# Sentence Splitter using an LLM

Install the required libraries in the virtual environment:

In [None]:
!pip install --upgrade pip
!pip install torch numpy pandas datasets jupyter unsloth

Let's import everything we need:

(doing it at the beginning to fail fast in case we need something else to install in our virtual environment)

In [None]:
import os
from unsloth import FastLanguageModel
import torch
import random
import numpy as np
from datasets import load_dataset, Dataset

First of all, let's verify we support accelerator:

In [None]:
torch.cuda.is_available()

Before doing everything else try to make this run as much as deterministic as possible:

In [None]:
def set_seed(seed=777, total_determinism=False):
    seed = seed
    torch.manual_seed(seed)
    torch.backends.cudnn.deterministic = True
    torch.backends.cudnn.benchmark = False
    if total_determinism:
        torch.use_deterministic_algorithms(True)
    random.seed(seed)
    np.random.seed(seed)
    if torch.cuda.is_available():
        torch.cuda.manual_seed(seed)
        torch.cuda.manual_seed_all(seed)
set_seed() # Set the seed for reproducibility -- use_deterministic_algorithms can make training slower :(

## PART ONE: Create the dataset

For the LLM part of the project we can start from the dataset we already created for the embedding part:
[fax4ever/manzoni-192](https://huggingface.co/datasets/fax4ever/manzoni-192).
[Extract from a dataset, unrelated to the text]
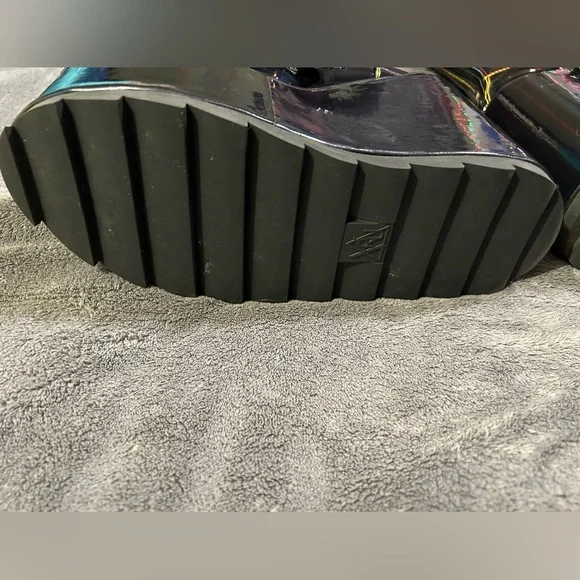 YRU Dune Mushroom Holographic Platform Boots Size 9 - Picture 8 of 9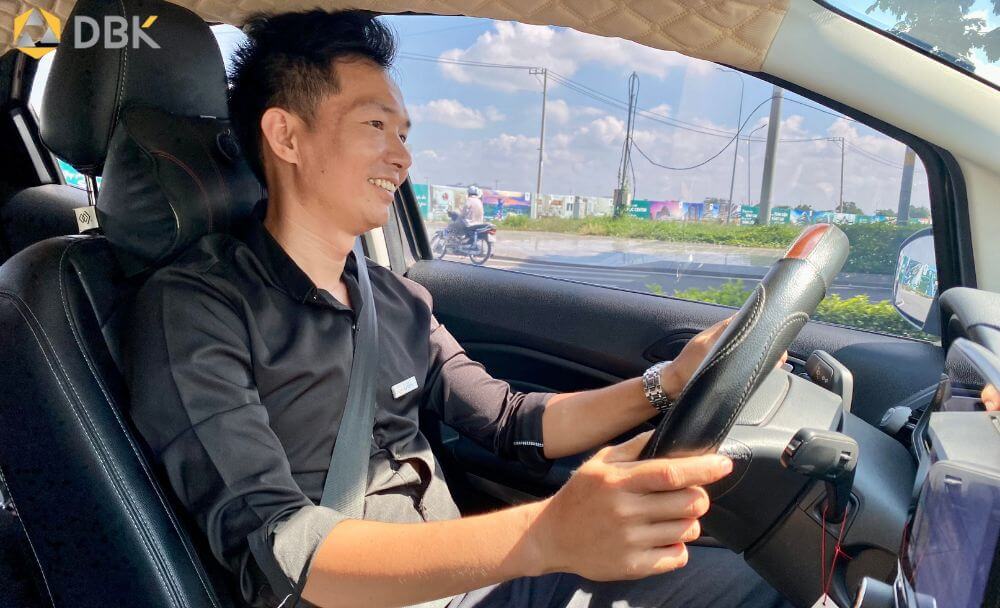 So sánh bộ đề thi bằng lái xe B1 của DBK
To see how this dataset is created from the `CSV` files, see the `colabs/sentence_splitter_embeddings.ipynb` notebook.

In this setting we don't need labels for each words, but we need to have conversations to train and to validate.

In [None]:
SIZE = 192 # Number of words to put on each input of the encoder model

def create_conversations(examples):
    input_texts = []
    output_texts = []

    for tokens, labels in zip(examples['tokens'], examples['labels']):
        input_text = " ".join(tokens)
        input_texts.append(input_text)

        sentences = []
        current_sentence = []
        for token, label in zip(tokens, labels):
            current_sentence.append(token)
            if label == 1:  # End of sentence
                sentences.append(" ".join(current_sentence).strip())
                current_sentence = []
        
        # Add remaining tokens if any
        if current_sentence:
            sentences.append(" ".join(current_sentence).strip())

        output_text = "\n".join([f"{i+1}. {sentence}" for i, sentence in enumerate(sentences)])
        output_texts.append(output_text)

    return {"input_text" : input_texts, "output_text" : output_texts}

dataset_dict = load_dataset(f"fax4ever/manzoni-{SIZE}")
llm_dataset_dict = dataset_dict.map(create_conversations, batched = True)
llm_dataset_dict.push_to_hub(f"fax4ever/llm-manzoni-{SIZE}", token=os.getenv("HF_TOKEN"))

The result is published as a Hugging Face dataset, so standard Hugging Face API could be applied on it.
That is the benefit of following an open standard!
Conversations here are expressed in terms of questions (input_text) and answers (output_text).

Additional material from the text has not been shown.